The question is how do we overcome our fear of losing money in the stock market?

There are three primary tactics that this article will discuss to overcome your fear of investing in the market.

1. Gain an understanding of the stock market, investing, and your personal investment strategy

All too many times, the primary cause of fear in anything in life is driven by our lack of knowledge or understanding.

Whether it’s a child’s illogical fear of monsters under the bed or the endless number of phobias in today’s society, addressing our concerns through study and a better understanding, personal life experiences, and rationalization of our current situation will allow us to make the decisions necessary to have a better quality of life.

Your Life Experiences Influence Your Initial Investing Mentality

Our own experiences, the lessons taught to us by parents or guardians, and the way we perceive the world around us is key to shaping our personal fears in life.

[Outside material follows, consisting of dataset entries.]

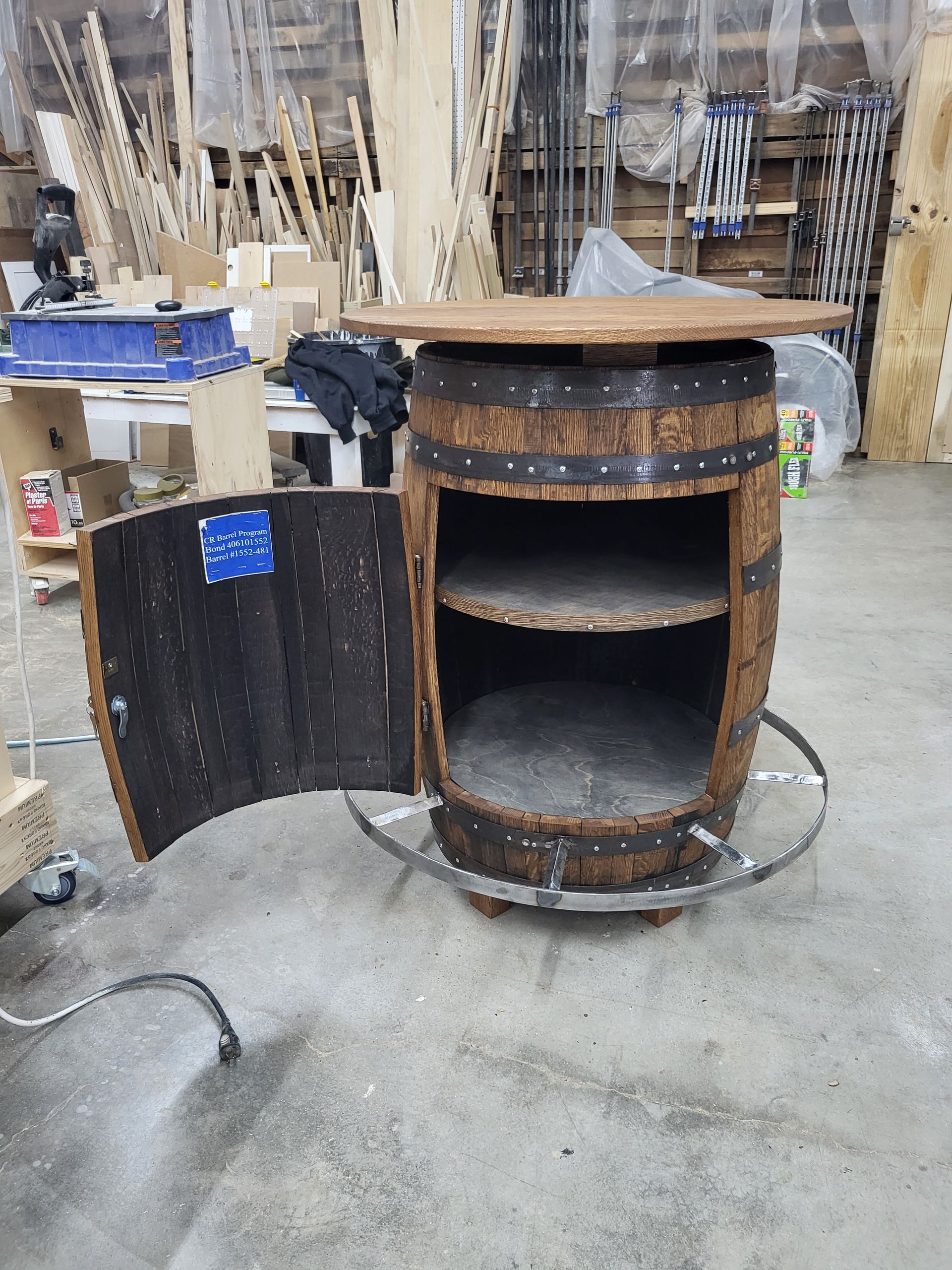 A repurposed wooden barrel bar with shelves and a tabletop, door open, in a workshop setting.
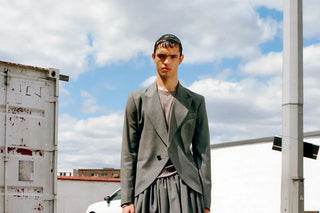 Young man in gray blazer and skirt standing outdoors under cloudy sky with urban background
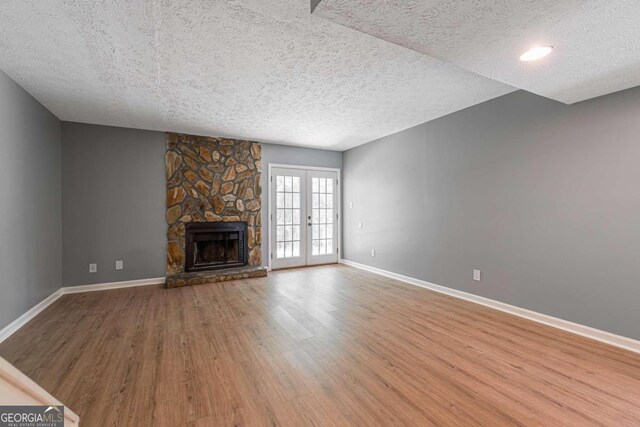 2498 Hidden Cove Ct Unit D, Gainesville, GA 30501 - unfurnished living room featuring a textured ceiling, stairs, and light wood-style floors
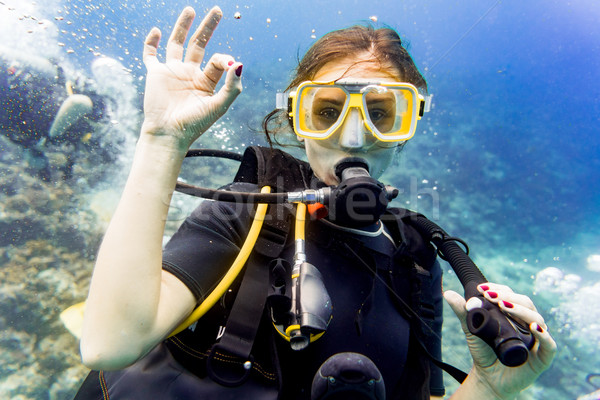 Woman diving on coral reef giving the ok sign Stock photo © Kzenon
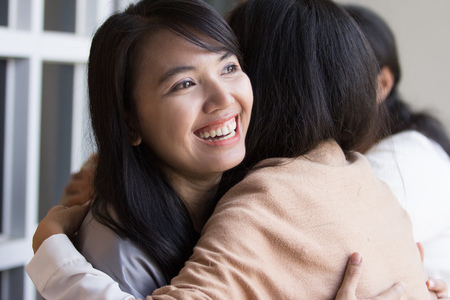 woman embracing each otherの写真素材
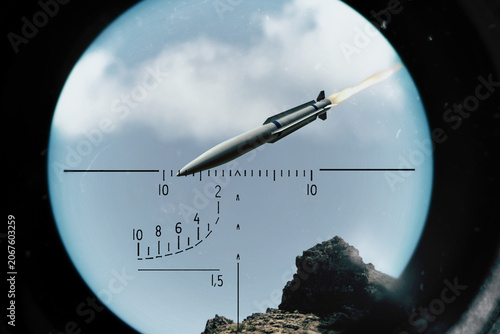 Fotografía A missile with flame trail flies in the sky and is tracked in a targeting system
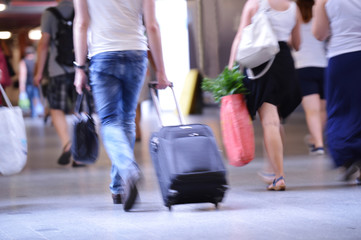 man walking with suitcase, blurred
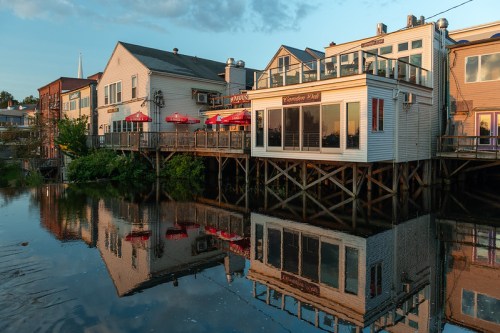 Waterfront buildings with outdoor seating reflect in calm water during sunset.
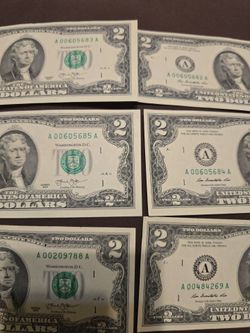 Two dollar bills with same letter on the serial number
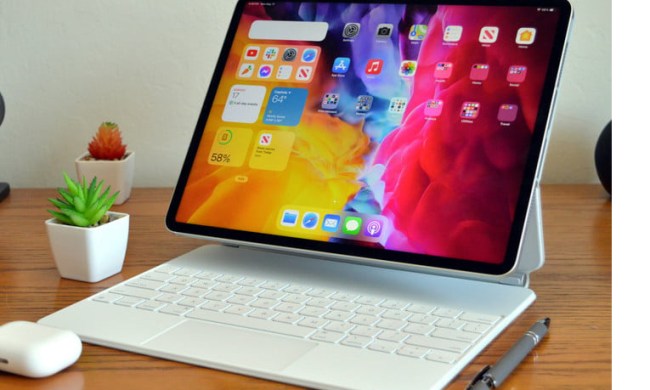 A 2021 iPad Pro is attached to a keyboard on a desk.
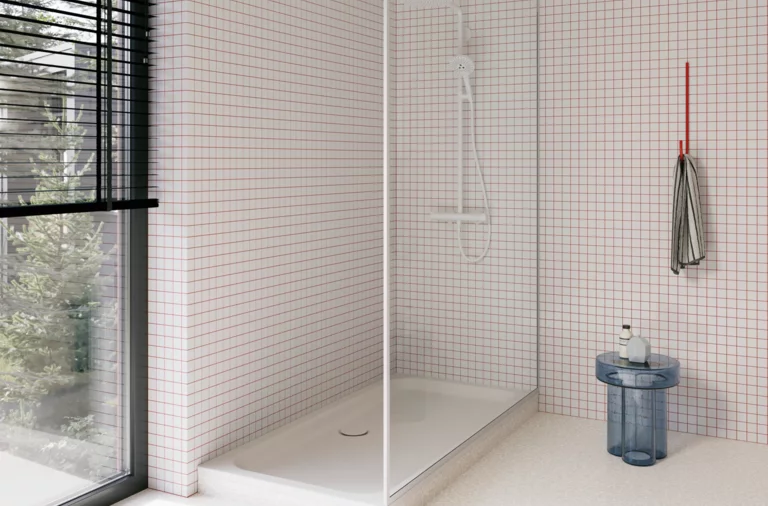 Weiße Duschwanne in einer hellen, bodengleichen Dusche mit weißen Mosaikfliesen, Glasabtrennung und großem Fenster.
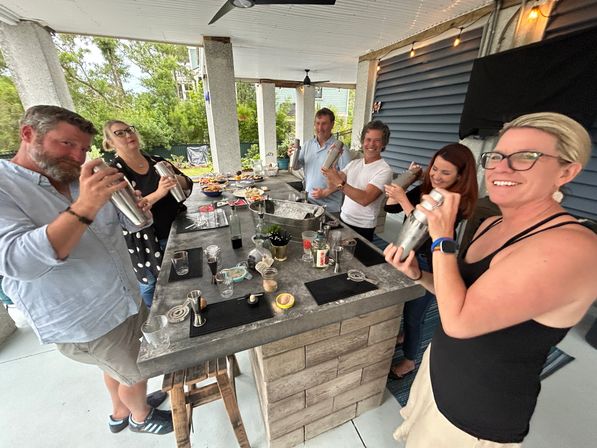 Smiling group shaking cocktail shakers around a covered outdoor patio bar with drinks, snacks and string lights.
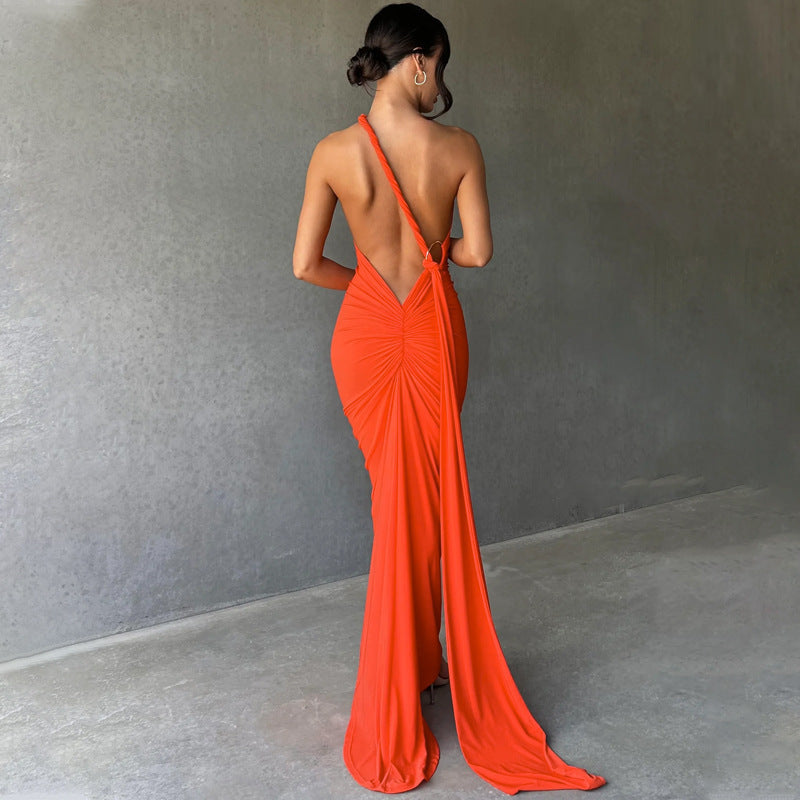 Summer women's fashionable backless, halter-neck, figure-hugging, curvaceous evening dress with a fitted bodice. Women's dress.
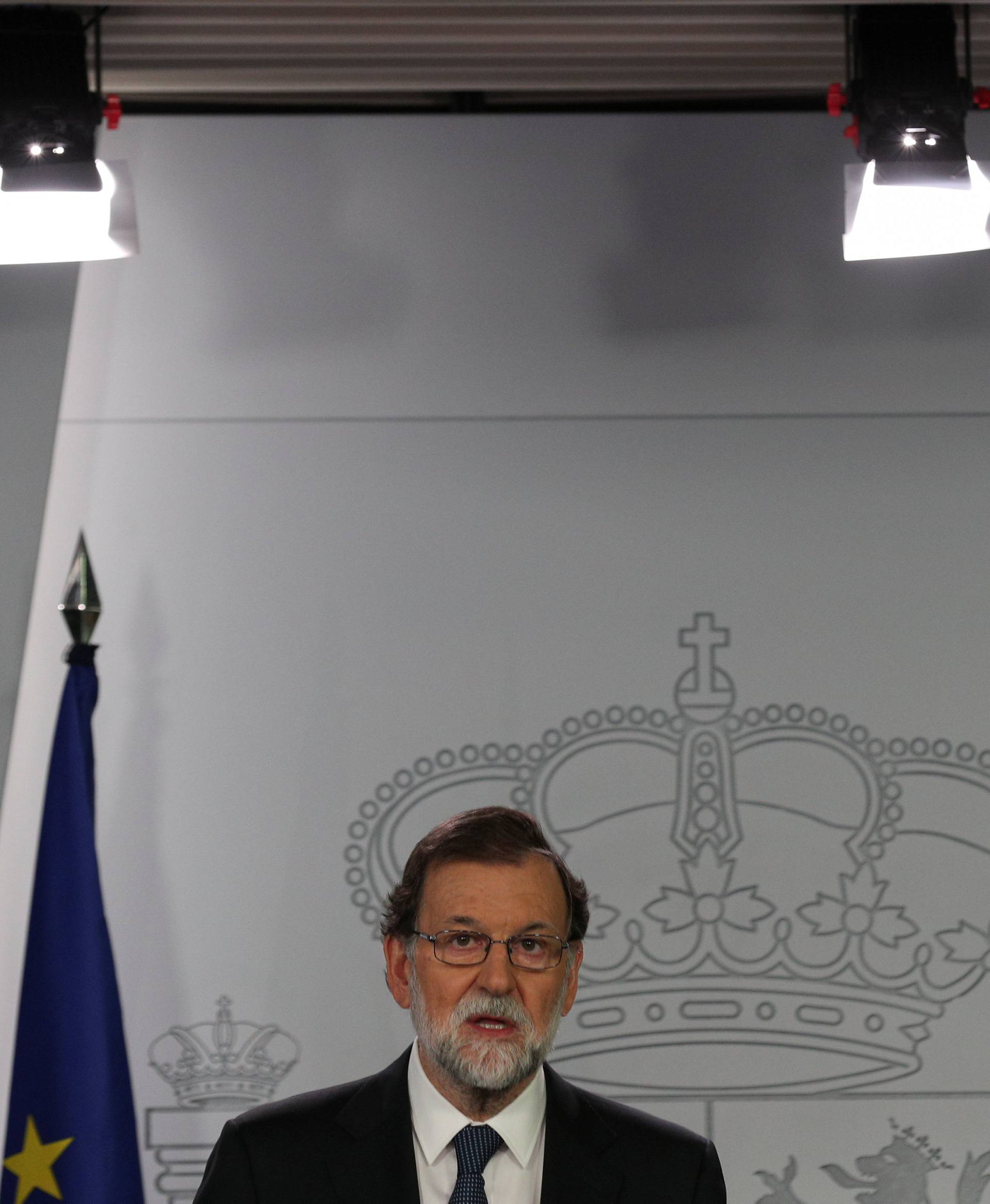 Spain's PM Rajoy delivers a statement at the Moncloa Palace in Madrid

Similarly, if you are an investor who experienced the stock market perils of the financial crisis in 2008 and 2009, or you have gone through stints of unemployment, chances are you are much more risk-averse out of the fear from the instability you have endured.

In order to overcome these fears, the best method is to understand and address the root cause of your fear. After all, fear more than likely stems from a lack of understanding of where your money is going when you hit “buy” on that fund in your portfolio.

For those who do not have a good understanding of financial markets, investing in the stock market is a lot like gambling.

Therefore, to overcome your fear, you should learn the basics of investing.

Stocks Represent Ownership In a Business

While gambling is built on a pyramid of odds tilted in the house’s favor, the first thing you should understand is that stock and funds of stocks are representations of your ownership in an actual business.

The businesses whose stock you own stock operate through a business plan in a particular market, generate revenues, incur certain expenses, and hopefully profit from their activities.

As a fractional owner in the business, you are entitled to receive your share of the profits through cash dividend payments in your account or through the companies’ reinvestment of the profits for expansion and growth. As the company grows, so does the equity value of your share of stock.

As the amount of profits and the value of the business will increase and decrease based on how much of a particular good or service a business sells, a company exposed to a particular segment of the market may experience rapid growth or accelerated declines while a diversified portfolio of businesses will generally rise and fall with the overall growth in the economy as both winning and losing companies comprise the portfolio.

Learn Basic Themes of Economics

While understanding how interest rates, political policy changes, and GDP growth rates can be helpful for making certain stock picks, these factors that drive the economy should essentially be ignored in your investment decision-making process over the long-term.

After all, predicting tax rates and political agendas in 20 years and basing your current investing strategy on these predictions is more like gambling than following a proven strategy.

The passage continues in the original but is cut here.